Hier soir, j’empotais de la sauce à spaghetti après un délicieux repas et ça m’a rappelé cette histoire.
Il y a quelques années, j’étais avec quelques amis, dont un couple composé d’un Québécois et d’un Italien, ce dernier visitant le pays de son chum pour la première fois. Nous marchions dans les sentiers du parc Forillon, ce qui est une bonne façon de convaincre n’importe qui que le wow existe ici comme ailleurs. Marchant sur ce chemin de fine garnotte qui donnait accès à une vue sur la baie de Gaspé et sur l’immensité du golfe du Saint-Laurent, j’ai posé une question dont je ne suis pas particulièrement fier. J’ai demandé – un peu à la manière d’un plouc sans sophistiquance – comment les Italiens appellent cette délicieuse sauce tomatée que l’on fait ici avec de la viande hachée, des oignons et des ingrédients-mystères-que-je-ne-te-révélérais-pas-même-si-tu-me-waterboardais.
À ce sujet, je ne veux pas me vanter (un mensonge éhonté), mais disons que ma sauce à spaghatte casse toutte.
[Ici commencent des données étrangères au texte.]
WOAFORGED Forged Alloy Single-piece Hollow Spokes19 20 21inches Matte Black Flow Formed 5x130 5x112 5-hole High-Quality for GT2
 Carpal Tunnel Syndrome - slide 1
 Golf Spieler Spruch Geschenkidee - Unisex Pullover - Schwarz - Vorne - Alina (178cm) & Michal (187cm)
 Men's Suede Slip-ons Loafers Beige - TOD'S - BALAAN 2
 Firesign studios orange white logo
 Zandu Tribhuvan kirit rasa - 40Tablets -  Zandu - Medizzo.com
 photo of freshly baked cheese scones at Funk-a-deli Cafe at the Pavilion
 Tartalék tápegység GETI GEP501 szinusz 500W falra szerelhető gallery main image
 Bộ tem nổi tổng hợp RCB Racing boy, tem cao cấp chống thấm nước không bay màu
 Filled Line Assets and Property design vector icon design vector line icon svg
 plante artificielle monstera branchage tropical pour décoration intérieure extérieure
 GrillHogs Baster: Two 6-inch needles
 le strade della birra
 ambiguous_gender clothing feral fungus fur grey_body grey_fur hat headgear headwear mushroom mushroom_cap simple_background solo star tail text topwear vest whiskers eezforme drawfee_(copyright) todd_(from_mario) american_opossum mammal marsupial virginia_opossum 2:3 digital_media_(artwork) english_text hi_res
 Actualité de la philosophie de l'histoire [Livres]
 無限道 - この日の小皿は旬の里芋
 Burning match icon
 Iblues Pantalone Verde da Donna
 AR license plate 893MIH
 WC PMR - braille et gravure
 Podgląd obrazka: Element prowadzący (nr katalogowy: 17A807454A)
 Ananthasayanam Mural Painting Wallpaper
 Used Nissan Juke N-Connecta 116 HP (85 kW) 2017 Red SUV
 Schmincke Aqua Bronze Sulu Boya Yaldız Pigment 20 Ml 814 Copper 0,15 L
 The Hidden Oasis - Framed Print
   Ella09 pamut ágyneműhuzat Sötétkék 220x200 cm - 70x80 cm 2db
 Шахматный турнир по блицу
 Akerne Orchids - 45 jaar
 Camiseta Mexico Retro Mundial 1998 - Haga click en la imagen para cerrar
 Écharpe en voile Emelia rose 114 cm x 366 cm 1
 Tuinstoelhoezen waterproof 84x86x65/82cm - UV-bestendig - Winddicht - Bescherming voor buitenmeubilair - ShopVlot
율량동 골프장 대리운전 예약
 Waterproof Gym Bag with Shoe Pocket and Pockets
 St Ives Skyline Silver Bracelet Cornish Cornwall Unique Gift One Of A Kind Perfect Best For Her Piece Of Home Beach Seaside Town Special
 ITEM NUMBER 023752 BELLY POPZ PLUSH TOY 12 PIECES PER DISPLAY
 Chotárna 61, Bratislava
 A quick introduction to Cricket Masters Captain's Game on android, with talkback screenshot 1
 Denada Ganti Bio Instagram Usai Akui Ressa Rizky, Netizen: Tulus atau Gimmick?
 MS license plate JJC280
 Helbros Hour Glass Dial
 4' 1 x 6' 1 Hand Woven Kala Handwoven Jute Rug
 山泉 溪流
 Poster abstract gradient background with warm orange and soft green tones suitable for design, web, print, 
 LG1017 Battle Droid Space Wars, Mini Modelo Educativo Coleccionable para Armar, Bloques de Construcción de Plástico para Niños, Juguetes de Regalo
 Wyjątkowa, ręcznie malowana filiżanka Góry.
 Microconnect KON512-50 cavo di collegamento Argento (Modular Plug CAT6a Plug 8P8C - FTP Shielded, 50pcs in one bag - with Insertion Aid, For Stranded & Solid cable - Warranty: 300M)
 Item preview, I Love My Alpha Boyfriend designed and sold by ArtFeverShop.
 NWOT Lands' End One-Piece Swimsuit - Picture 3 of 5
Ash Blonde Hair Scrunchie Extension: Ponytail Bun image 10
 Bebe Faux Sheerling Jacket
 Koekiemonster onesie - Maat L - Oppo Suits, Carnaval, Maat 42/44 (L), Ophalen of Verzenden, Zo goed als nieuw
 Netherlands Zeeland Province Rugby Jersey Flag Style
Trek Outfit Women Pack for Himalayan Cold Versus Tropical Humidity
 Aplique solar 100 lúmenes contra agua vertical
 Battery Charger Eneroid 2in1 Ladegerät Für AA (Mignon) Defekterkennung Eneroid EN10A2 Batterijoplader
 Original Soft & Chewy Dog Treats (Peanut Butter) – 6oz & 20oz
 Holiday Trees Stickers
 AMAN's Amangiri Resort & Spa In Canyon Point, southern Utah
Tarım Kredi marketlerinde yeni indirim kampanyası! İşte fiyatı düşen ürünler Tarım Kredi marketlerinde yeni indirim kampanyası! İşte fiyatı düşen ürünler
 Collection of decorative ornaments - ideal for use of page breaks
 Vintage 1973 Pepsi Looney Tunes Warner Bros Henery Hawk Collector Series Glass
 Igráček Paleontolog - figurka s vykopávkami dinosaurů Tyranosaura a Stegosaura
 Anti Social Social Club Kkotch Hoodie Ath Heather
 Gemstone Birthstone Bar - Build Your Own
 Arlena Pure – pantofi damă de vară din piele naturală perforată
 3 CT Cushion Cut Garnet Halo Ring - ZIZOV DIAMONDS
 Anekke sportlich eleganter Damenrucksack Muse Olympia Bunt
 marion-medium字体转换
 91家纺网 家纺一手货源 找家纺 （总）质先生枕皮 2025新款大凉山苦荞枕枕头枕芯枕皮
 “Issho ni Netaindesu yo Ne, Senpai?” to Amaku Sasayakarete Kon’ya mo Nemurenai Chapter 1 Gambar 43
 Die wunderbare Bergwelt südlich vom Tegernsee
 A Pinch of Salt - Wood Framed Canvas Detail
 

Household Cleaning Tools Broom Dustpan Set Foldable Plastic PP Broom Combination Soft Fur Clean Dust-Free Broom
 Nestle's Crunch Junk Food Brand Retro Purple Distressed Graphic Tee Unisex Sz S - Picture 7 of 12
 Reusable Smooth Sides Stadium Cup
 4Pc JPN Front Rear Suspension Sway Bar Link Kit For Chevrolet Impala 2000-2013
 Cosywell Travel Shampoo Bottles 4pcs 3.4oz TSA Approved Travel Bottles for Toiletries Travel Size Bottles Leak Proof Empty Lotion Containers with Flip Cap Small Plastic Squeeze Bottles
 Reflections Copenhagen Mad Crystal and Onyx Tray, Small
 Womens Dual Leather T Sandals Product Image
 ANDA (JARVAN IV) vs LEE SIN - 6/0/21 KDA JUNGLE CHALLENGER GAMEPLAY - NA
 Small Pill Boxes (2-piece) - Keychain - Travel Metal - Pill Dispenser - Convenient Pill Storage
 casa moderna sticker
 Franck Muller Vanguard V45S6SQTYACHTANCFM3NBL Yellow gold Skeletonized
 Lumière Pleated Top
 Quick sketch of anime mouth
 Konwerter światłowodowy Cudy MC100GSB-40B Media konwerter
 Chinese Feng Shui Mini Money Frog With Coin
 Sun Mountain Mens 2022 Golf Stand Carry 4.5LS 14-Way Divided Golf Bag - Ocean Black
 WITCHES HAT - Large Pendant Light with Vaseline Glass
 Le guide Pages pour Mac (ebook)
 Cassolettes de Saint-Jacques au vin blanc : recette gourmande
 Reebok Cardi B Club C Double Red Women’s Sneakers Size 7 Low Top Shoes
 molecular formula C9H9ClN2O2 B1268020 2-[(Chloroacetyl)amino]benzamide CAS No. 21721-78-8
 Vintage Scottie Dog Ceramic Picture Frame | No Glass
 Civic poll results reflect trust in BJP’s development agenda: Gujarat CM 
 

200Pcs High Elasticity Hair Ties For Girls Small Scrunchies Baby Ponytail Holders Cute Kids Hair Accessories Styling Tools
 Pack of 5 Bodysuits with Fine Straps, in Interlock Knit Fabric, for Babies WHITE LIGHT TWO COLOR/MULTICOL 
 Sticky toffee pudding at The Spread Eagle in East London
Oui-oui, peut-être que la tienne est bonne aussi… à sa manière; mais crois-moi, elle ne joue juste pas dans la même ligue que la mienne. C’est comme ça, c’est un fait. Comme la gravité. Ou la bêtise. Ou la gravité de la bêtise. Pour te donner une idée, ma grand-mère est passée de vie à trépas juste après avoir goûté à ma sauce en disant : «Mon travail sur cette terre est terminé. Argl…» C’est te dire.
L’ami québécois traduit pour son chum en italien. Pour te donner un peu de background sur les personnages, disons que l’Italien était plus du style Umberto Eco (en genre un milliard de fois plus cute) et beaucoup moins du style Silvio Berlusconi : c’était un jeune homme érudit, plein de culture, versé dans le design et l’architecture. C’est donc avec une grimace de semi-dégoût qu’on m’apprit que ce type de sauce pour pâtes est appelée «ragù», qu’il y en a plusieurs variétés selon les régions, qu’elle ne fait PAS partie de la grande cuisine italienne et qu’elle est souvent vendue le midi sur les chantiers de construction. J’ai alors songé pour la première fois de ma vie que je serais peut-être à ma place sur un chantier de construction. Puis, j’ai pensé à ça et je me suis souvenu que, dans ma vie, j’ai eu la chance d’aller dans de très grands restaurants à Paris, New York, Londres, Madrid, Saint-Eustache, etc. J’ai apprécié des mets fins, des grands crus et des constructions culinaires complexes. Mais j’ai beau chercher parmi ces expériences de haute voltige, il n’y a pas grand-chose qui accote une assiette de spaghatte avec un grand verre de lait.
Bref, je suppose que tout est question de perspective.
(Bonus : hier soir, je suis allé dans mon jardin couper du basilic avec des ciseaux. Plus tard dans la soirée, je me suis taillé la moustache avec les mêmes ciseaux. Ai-je besoin de te dire que j’ai tout de suite été submergé d’effluves délicieusement méditerranéens? Je te le recommande vigoureusement.)